While Cambria said he is willing to share his cost data with law firms, they have so far not returned the favor. One law firm, however, did tell him what it believed were its costs “per unit of work” and for a particular type of legal project.

“And then we say, ‘We know what your costs are. Now let’s talk about an agreed-to price margin, in terms of what we think is fair to pay for that type of work,’” Cambria said. “We’re having some discussions around that, so hopefully we’ll have that kind of nailed down. That’s a progression.”

Another progression has been the department’s implementation of a program it calls ALFA — the ADM law firm alliance.

Cambria and the department spent eight months selecting a group of about 20 law firms that now provide the vast majority of ADM’s legal services.

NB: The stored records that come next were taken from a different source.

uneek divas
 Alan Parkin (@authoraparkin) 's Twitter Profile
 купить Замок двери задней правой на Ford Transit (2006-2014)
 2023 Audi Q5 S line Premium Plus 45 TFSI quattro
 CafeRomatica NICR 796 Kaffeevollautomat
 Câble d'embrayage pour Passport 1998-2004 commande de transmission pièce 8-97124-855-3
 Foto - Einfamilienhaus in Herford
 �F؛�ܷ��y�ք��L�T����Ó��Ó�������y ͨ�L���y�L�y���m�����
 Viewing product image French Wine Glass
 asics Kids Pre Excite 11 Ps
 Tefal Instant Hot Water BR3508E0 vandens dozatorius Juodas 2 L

William J. Daley, ADM’s chief labor and employment counsel, said that program has helped him develop more cost-effective programs with law firms, such as commoditizing more common legal issues, including immigration or workers’ compensation.

“You can really push your firms to think about things more strategically,” Daley said. “Using the numbers we use when we track our matters and are able to negotiate those fees, you’re really able to see the value and the true cost of services.”

Daley, who was hired in January 2014, credited Cambria for being “really dialed in” with running a legal department more efficiently and developing alternative payment structures with outside counsel.

“I think everybody recognizes there’s this great opportunity out there to try to figure out how we can adopt these things,” Daley said. “But nobody has a real sense for how to put it into practice, and I think David is really good at identifying those kinds of solutions.”

Cambria is a recognized leader in optimizing legal departments. He serves on the regional board of directors for the Institute for Law Department Excellence and is helping to create a division of legal operations directors, an emerging role in corporate America, within the Association of Corporate Counsel.

Cambria, who joined ADM from a position across town at CDW and has been working with legal departments for nearly 20 years, made three predictions for how the rise of legal operations directors will impact law departments.

First, legal departments will become much more “closely ingrained” with the business as internal clients see the value a high-performing legal team provides.

Second, standards will be created that gauge the performance of legal departments across corporations.

And, finally, smaller companies will begin to outsource law department operations — creating further pressure for law firms. Under one possible model, law department directors will sell their services to multiple companies on a time and materials basis, he said.

Cambria also offered a prediction for what law firms will need to do to respond to the changes in the legal C-suite.

“What they’re going to have to do is understand what their costs are,” he said. “And they’re going to have to understand how much margin is reasonable to make on some of those practice areas in order to drive and keep profits healthy within the firm.”

In other words, change starts with a reference point.